Correlations between ambient PM data obtained from fixed ambient monitors (FAMs) and personal exposure data obtained from PEMs have been explicitly examined in many studies. Most of these reveal poor correlations and show, not surprisingly, that personal exposures are usually greater than (either indoor or) outdoor ambient concentrations. Furthermore, most studies report poor cross-sectional personal-outdoor correlations. If there is a lot of variability in particle concentrations from sources poorly correlated with FAMs, then the percent of variance in personal exposures that can be explained by the FAM data is likely to be small. Sampling error, a non-random sample, very strong indoor sources and personal activities all contribute to a poor correlation between
FAMs and PEMs. However, for individuals who are not exposed to microenvironmental sources of particles (e.g. smoking), and whose day-to-day activities are fairly repetitive, ambient levels of particles may more directly reflect their exposure to particles. Introducing microenvironmental exposures into a time-weighted average exposure estimate will theoretically improve estimates of personal exposure to total PM. Studies have shown this to be the case; however, such indirect personal exposure estimates are still likely to underestimate actual personal exposures.
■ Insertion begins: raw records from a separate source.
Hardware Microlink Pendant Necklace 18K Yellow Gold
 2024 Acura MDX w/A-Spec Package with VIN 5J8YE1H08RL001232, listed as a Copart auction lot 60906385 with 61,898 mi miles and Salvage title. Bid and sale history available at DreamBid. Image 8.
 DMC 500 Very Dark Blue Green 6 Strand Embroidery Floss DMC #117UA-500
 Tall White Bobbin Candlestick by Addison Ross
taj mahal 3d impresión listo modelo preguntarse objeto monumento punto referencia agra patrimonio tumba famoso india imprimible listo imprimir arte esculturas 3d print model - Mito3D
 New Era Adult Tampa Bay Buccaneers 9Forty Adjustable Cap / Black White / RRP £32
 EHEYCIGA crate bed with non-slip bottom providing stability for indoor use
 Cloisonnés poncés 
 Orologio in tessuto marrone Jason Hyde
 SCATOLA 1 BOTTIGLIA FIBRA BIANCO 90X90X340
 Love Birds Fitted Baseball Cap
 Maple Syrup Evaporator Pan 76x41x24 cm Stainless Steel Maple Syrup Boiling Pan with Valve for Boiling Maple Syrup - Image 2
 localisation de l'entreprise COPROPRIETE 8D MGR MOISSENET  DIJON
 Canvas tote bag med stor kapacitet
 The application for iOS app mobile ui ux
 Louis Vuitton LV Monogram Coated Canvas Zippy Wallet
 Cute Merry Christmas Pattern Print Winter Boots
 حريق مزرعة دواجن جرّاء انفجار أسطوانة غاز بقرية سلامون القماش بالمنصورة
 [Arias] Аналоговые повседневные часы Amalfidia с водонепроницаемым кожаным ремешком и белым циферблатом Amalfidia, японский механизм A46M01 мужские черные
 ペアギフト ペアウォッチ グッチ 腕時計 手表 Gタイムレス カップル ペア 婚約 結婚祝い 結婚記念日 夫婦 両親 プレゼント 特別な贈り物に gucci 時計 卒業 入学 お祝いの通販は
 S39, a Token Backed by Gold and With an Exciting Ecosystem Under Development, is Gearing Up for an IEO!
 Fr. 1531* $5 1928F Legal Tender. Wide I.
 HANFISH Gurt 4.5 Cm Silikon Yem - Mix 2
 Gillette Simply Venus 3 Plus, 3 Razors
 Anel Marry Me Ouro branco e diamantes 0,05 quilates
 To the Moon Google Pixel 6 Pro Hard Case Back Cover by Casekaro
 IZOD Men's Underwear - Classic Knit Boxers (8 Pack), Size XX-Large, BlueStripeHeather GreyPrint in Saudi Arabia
Personal and population exposure models have been developed that combine ambient measurements of pollutants with information on age-specific time-activity and estimates of microenvironmental pollutant concentrations. A probabilistic PM10 exposure model was applied to Canadian data to produce estimates of distributions of 24 hour average personal, indoor, outdoor and in-transit PM10 concentrations. Predicted mean 24 hour personal PM10 exposure (across all regions and seasons) is 39 µg/m3 Median personal PM10 exposure is predicted to be 31 µg/m3. Comparing these results with exposure predictions based on urban NAPS site data (i.e., ambient PM data) clearly shows that ambient data underestimate average population exposures to total PM (mean and median urban ambient PM10 are approximately 28 µg/m3 and 24 µg/m3 respectively). Canadian estimates of exposure to PM2.5 have not yet been predicted through exposure modelling. Given the current information, it is reasonable to conclude that the ambient data alone can represent the lower range in the distribution of total particle exposures. Further studies are required to improve various components of the exposure model, including better characterization of indoor PM sources and penetration rates of ambient particles indoors, specifically in cold climates, since air exchange rates are a function of ambient temperature.